Professor Michael Mannion
English 12 A
27 October 2013
Is Texting Ruining The English Language? In this weeks video John McWhorter talks about texting. John studies how language has evolved -- and will evolve -- with social, historical and technological developments, in addition to studying and writing about race in America. He argues that we always hear texting is a negative decline or fall in serious literature or writing ability. That texting ruins someone’s ability to write or speak in a grammatically correct way. When In it really doesn’t, language is speech. Speech is much looser, its much more telegropahic. Very different from writing, we tend to see language being written often. That we think that’s what language is.

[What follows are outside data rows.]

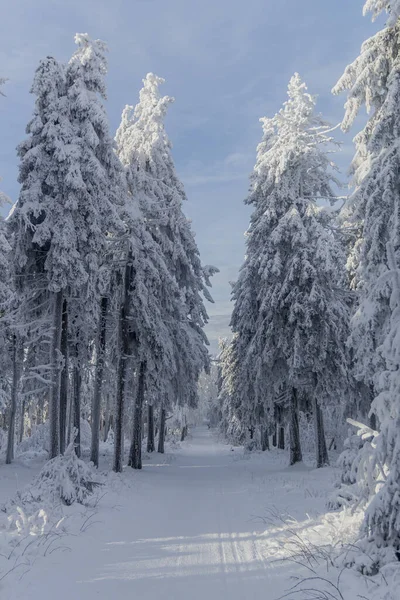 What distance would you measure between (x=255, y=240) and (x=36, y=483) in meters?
14.0

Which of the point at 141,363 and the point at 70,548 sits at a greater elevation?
the point at 141,363

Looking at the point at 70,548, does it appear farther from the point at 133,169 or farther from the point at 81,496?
the point at 133,169

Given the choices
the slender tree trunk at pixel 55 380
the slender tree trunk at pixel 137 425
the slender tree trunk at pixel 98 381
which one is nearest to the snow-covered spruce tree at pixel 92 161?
the slender tree trunk at pixel 55 380

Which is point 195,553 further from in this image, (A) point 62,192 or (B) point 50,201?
(A) point 62,192

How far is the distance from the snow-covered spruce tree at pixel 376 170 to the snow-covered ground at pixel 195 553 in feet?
13.5

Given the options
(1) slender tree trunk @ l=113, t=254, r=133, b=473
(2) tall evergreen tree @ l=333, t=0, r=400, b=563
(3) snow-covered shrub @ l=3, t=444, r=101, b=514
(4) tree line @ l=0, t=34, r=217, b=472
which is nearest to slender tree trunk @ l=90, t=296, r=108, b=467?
(4) tree line @ l=0, t=34, r=217, b=472

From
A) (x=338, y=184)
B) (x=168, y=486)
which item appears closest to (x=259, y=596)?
(x=168, y=486)

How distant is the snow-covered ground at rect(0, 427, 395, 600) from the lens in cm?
539

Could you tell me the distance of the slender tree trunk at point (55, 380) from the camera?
14.4 m

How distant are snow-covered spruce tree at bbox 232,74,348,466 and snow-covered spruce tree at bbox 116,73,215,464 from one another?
3.20 m

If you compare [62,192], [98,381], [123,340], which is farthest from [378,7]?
[98,381]

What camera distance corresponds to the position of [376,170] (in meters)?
10.8

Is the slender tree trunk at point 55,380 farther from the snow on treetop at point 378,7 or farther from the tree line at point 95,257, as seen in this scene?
the snow on treetop at point 378,7

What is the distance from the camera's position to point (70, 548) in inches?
273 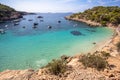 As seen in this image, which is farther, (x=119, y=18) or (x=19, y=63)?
(x=119, y=18)

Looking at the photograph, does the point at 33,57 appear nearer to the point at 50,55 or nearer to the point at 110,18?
the point at 50,55

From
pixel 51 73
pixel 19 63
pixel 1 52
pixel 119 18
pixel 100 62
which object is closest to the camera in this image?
pixel 51 73

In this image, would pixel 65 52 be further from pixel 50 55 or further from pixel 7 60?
pixel 7 60

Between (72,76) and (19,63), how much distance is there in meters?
13.6

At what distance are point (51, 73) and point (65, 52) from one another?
1614 centimetres

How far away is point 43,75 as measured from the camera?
518 inches

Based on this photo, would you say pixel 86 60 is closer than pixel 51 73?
No

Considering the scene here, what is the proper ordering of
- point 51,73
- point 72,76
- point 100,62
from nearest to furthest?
point 72,76 < point 51,73 < point 100,62

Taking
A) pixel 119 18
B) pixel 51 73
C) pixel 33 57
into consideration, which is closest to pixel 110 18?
pixel 119 18

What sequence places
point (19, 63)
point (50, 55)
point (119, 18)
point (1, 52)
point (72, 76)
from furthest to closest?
point (119, 18) → point (1, 52) → point (50, 55) → point (19, 63) → point (72, 76)

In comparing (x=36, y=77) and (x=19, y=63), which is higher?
(x=36, y=77)

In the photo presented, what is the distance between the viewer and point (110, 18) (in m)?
69.8

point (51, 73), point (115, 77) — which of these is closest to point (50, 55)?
point (51, 73)

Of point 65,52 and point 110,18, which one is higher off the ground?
point 110,18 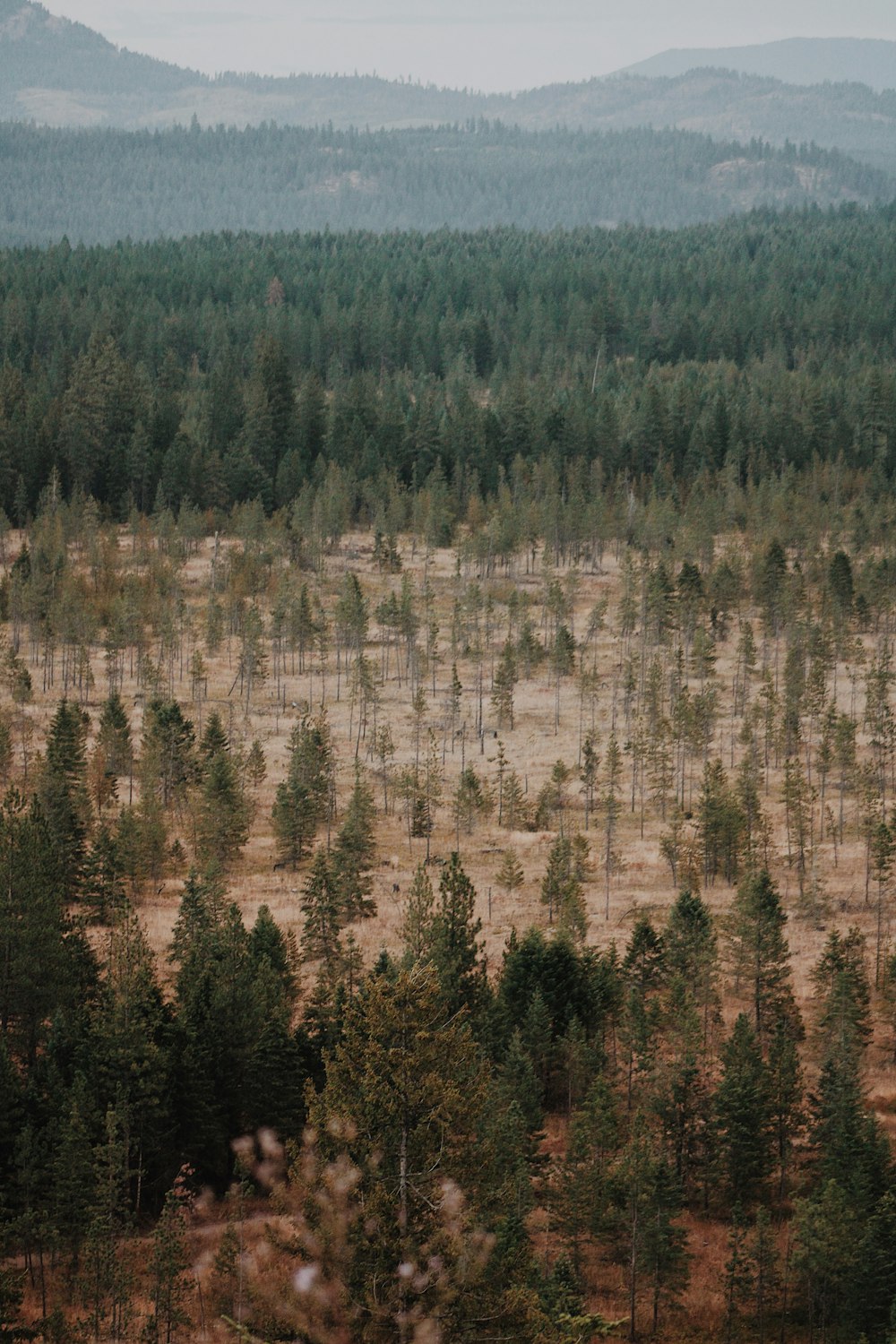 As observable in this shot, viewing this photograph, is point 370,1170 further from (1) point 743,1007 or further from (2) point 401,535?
(2) point 401,535

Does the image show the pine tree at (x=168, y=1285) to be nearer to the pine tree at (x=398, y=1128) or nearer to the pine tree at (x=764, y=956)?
the pine tree at (x=398, y=1128)

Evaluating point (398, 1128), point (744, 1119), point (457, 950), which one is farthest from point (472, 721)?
point (398, 1128)

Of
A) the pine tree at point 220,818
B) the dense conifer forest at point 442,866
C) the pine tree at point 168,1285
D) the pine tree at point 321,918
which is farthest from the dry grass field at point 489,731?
the pine tree at point 168,1285

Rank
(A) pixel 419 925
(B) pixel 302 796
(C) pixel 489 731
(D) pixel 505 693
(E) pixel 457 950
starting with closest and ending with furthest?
(E) pixel 457 950 < (A) pixel 419 925 < (B) pixel 302 796 < (C) pixel 489 731 < (D) pixel 505 693

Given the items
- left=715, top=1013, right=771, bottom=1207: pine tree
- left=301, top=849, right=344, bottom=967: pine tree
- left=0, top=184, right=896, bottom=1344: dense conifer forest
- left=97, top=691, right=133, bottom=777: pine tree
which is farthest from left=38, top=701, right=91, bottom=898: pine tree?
left=715, top=1013, right=771, bottom=1207: pine tree

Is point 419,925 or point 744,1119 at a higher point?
point 419,925

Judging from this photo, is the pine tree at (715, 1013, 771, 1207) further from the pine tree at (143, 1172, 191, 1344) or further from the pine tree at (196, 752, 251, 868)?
the pine tree at (196, 752, 251, 868)

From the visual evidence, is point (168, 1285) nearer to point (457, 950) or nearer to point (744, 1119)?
point (744, 1119)

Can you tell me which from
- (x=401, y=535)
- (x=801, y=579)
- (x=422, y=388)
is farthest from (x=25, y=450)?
(x=801, y=579) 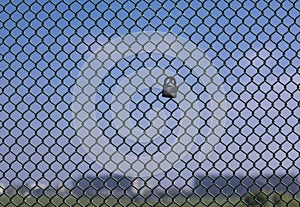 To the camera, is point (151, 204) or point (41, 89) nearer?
point (41, 89)

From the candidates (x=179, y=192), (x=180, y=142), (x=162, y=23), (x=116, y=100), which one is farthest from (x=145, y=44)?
(x=179, y=192)

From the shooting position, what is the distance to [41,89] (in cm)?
368

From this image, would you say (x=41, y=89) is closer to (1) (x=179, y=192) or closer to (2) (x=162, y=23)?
(2) (x=162, y=23)

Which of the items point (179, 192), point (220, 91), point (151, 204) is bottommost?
point (151, 204)

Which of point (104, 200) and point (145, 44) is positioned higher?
point (145, 44)

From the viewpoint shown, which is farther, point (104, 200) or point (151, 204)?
point (151, 204)

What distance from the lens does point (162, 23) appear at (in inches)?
145

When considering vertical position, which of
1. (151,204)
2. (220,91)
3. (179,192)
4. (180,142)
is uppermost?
(220,91)

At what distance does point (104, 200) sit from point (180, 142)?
0.61 metres

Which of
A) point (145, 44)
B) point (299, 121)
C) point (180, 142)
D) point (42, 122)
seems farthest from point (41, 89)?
point (299, 121)

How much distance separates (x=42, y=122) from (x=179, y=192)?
3.25ft

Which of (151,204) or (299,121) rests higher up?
(299,121)

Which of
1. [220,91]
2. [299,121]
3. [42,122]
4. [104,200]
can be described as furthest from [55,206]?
[299,121]

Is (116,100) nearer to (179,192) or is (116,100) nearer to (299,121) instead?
(179,192)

He then proves his point by saying texting is very loose in its structure. No one thinks about capital letters or punctuation when they text. Same goes for speaking, no one thinks about capitalizing letters during a speech. Although Texting has the mechanics of writing, Texting is basically “fingered speech”. John compares texting to a new type of language that has new structure. He then concludes that the way he sees texting is a whole new way of writing that young people are developing. That we are using alongside our normal writing skills, which is an example of being bi-dialectal. I completely agree with John, when I text it is completely different as to when I write an essay. Texting flows smooth and easy like a speech. My writing of course differs in terms of grammatical issues. I have to add punctuations and capitalizations but, I don’t have to worry about that in texting because, it is a form of speech! So is texting ruining the beautiful American language? No it is not because, texting is another form of speech!